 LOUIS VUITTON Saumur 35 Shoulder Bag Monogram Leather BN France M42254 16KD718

──────

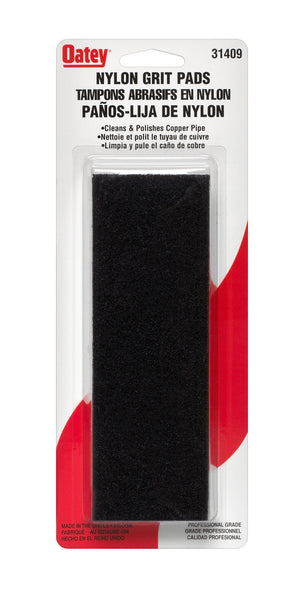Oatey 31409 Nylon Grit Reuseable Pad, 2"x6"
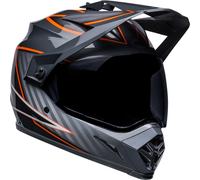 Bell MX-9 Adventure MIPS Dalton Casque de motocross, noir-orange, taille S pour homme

──────

Exercise instructions >>
Output only the lines above from the line that holds "Oatey 31409 Nylon" through the line that holds "Bell MX-9 Adventure", both ends included, and exclude pictures.

Finished task >>
Oatey 31409 Nylon Grit Reuseable Pad, 2"x6"
 Bell MX-9 Adventure MIPS Dalton Casque de motocross, noir-orange, taille S pour homme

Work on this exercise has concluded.